■ Required action
Exclude images, then output the remaining data verbatim.

■ Given data
..............................

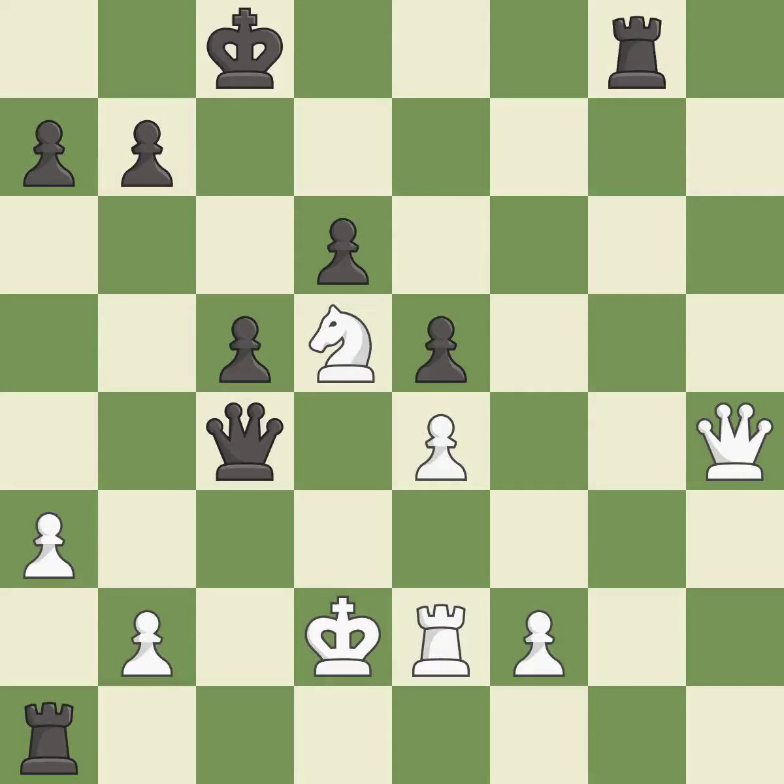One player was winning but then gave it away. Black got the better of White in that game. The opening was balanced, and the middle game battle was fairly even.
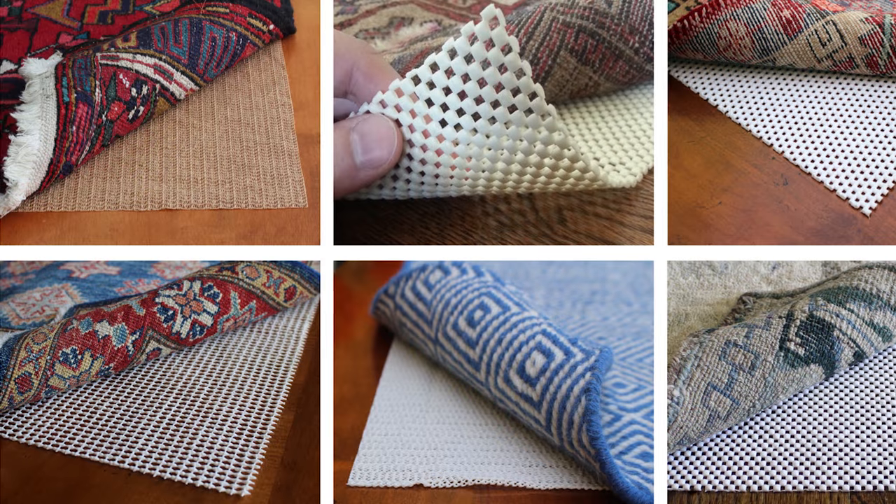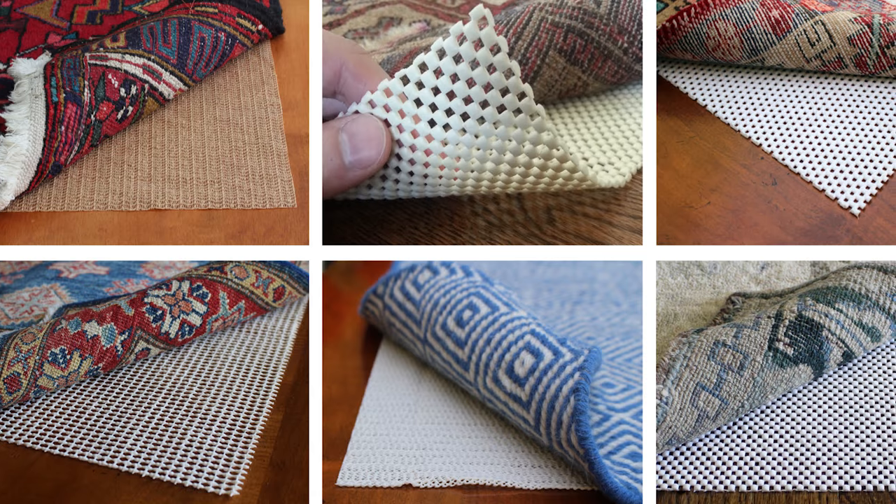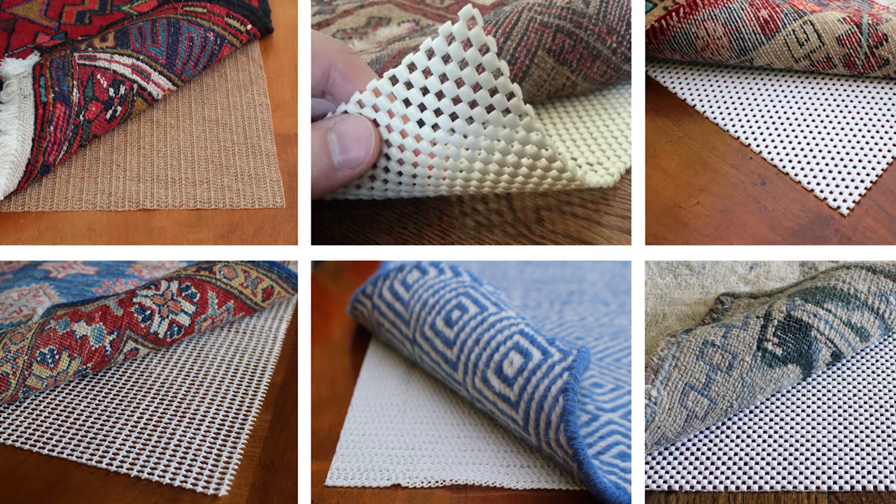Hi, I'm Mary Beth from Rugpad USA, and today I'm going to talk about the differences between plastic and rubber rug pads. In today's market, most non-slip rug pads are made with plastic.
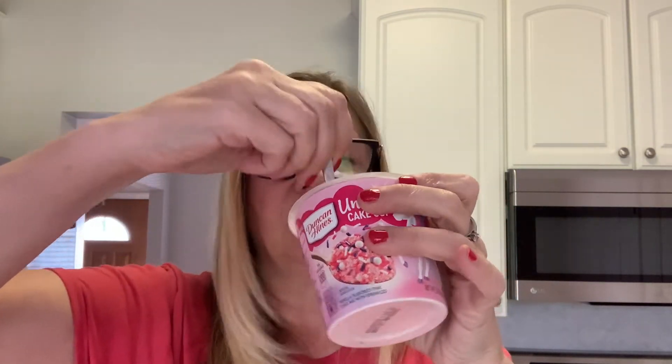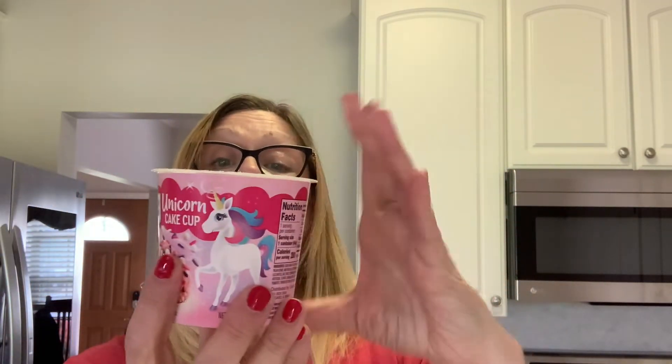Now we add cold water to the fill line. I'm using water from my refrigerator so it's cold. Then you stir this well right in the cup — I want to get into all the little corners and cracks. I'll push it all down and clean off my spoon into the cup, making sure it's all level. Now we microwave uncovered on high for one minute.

..............................

■ Result of this exercise
One player was winning but then gave it away. Black got the better of White in that game. The opening was balanced, and the middle game battle was fairly even.
Hi, I'm Mary Beth from Rugpad USA, and today I'm going to talk about the differences between plastic and rubber rug pads. In today's market, most non-slip rug pads are made with plastic.
Now we add cold water to the fill line. I'm using water from my refrigerator so it's cold. Then you stir this well right in the cup — I want to get into all the little corners and cracks. I'll push it all down and clean off my spoon into the cup, making sure it's all level. Now we microwave uncovered on high for one minute.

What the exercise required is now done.